I had thought that the Marvel Knights Animation motion comic series from Shout! Factory might be wrapping up after the four-volume Joss Whedon Astonishing X-Men releases. I was wrong.
Shout! Factory has just announced that Inhumans, based on the (out of print) comic by Paul Jenkins and Jae Lee with the same cover, will be out on DVD on April 23. List price is $14.97, same as previous Marvel Knights Animation releases, and the bonus feature is “A Look Back at The Inhumans with Eisner Award-winning writer Paul Jenkins, Marvel Chief Creative Officer Joe Quesada, and Supervising Producer Kalia Cheng”. Total running time is just over two hours. Here’s the provided synopsis:
The Inhumans have always been one of Marvel’s most enduring oddities. A race of genetic outsiders, they live secluded in their island kingdom of Attilan, preferring not to mix with the outside world. Even stranger, their genetic mutations are self-endowed; each Inhuman, as a coming-of-age ritual, endures exposure to the Terrigen Mists, a strange substance that imparts unearthly powers — some extraordinary, some monstrous.
But now the kingdom of Attilan is under attack from without and within. Can the Royal Family, led by Black Bolt, repel the foreign invaders who blast at their outer defense, as well as the internal threat of Black Bolt’s insane brother, Maximus the Mad?

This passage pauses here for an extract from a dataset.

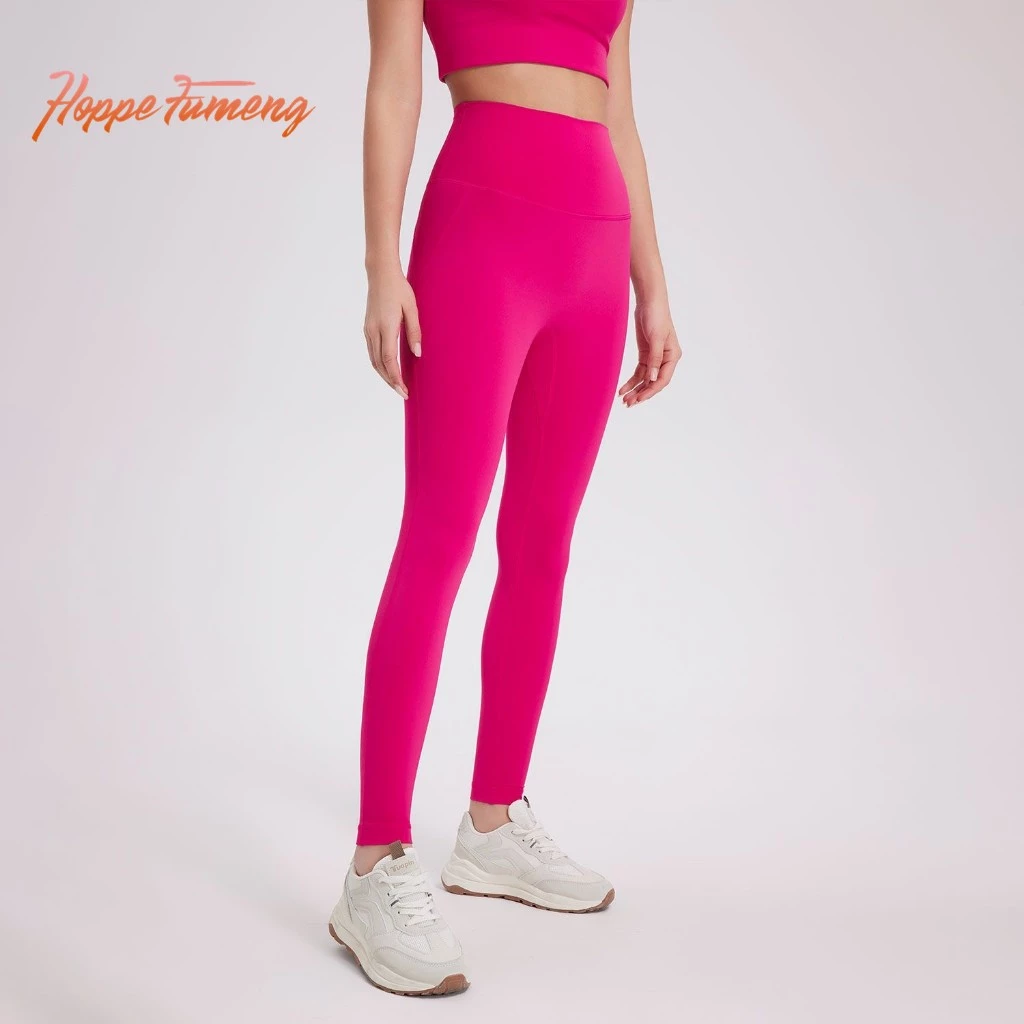 Hoppe Fumeng เอวสูงออกกําลังกายขายาวกางเกงโยคะกีฬาออกกําลังกายกางเกงยิม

This popular series takes a classic Marvel cast of characters, and infuses it with a modern sensibility that includes international politics and an awareness of class systems.
As Kevin Melrose notes at Robot 6,
While a 15-year-old series — rather than, say, something from the Avengers or Iron Man stables — may seem an unusual choice to receive the motion-comic treatment, it’s probably worth noting that Marvel Studios is gearing up for Phase Three of its cinematic universe, one that will include some of the company’s more offbeat properties… An Inhumans movie was confirmed in October 2011 as part of the studio’s agenda, and the third phase that begins in 2015 seems as likely a home for the project as any.
Whether testing the waters or getting tie-in product out early, that’s part of the Disney way — sell the same characters in as many venues as possible.